Deaf Arts, 1000 BC - 1700
Quintus Pedius (died about 13) was a Roman painter and the first deaf person in recorded history known by name. He is the first recorded deaf painter and his education is the first recorded education of a deaf child. All that is known about him today is contained in a single passage of the Natural History by the Roman author Pliny the Elder.
Bernardino di Betto, known also as Pintoricchio, was born between 1456 and 1460 in Perugia to a modest family of artisans. His real name was Betti Biagi, but he was often called Sordicchio, from his deafness and insignificant appearance, but Pinturicchio was his usual name.
Joanot de Pau was an active painter in the Segarra, Solsonès and several Pyrenean regions. He is remembered, above all, for being born deaf-mute.
Juan Fernandez de Navarrete was born in the beautiful town of Navarre, Spain near the mountain range of the Pyrenees. He was called El Mudo (the mute) since childhood. He lost his hearing at the age of three and never learned to talk.
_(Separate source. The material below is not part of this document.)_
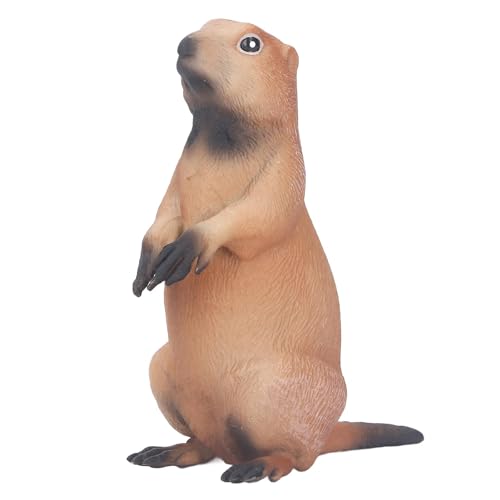 Groundhog Statue Lifelike Wild Animal Skulptur Modell für Kinderausbildung, Heimdekoration, Plastikmaterial (PL127-1010) von Aramox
Juan's amazing drawings skills became evident when he began communicating his needs by drawing them out with charcoal on paper. The young artist never allowed his disabilities to hamper his dreams or ambitions and allowed his art to become his voice.
Hendrick Avercamp (1585-1634) was one of the first Dutch landscape painters of the 17th century. He was deaf and mute and known as de Stomme van Kampen (“the mute of Kampen”).
He is especially noted for his winter landscapes of his homeland. His landscapes are characterized by high horizons, bright clear colors, and tree branches darkly drawn against the snow or the sky. His paintings are lively and descriptive, with evidence of solid drawing skills that made him an ideal recorder of his contemporary life.
Wolfgang Heimbach (1615–1678) was a North German Baroque painter, mostly active in Denmark. He was deaf-mute but compensated by being able to read and write several languages.
(Wolfgang Heimbach, self-portrait, 1666)
Johannes Thopas (ca. 1626 – 1688/95), born deaf, was one of the few artists in the Golden Age who specialized in drawn portraiture. He was especially a virtuoso in lead marker on parchment.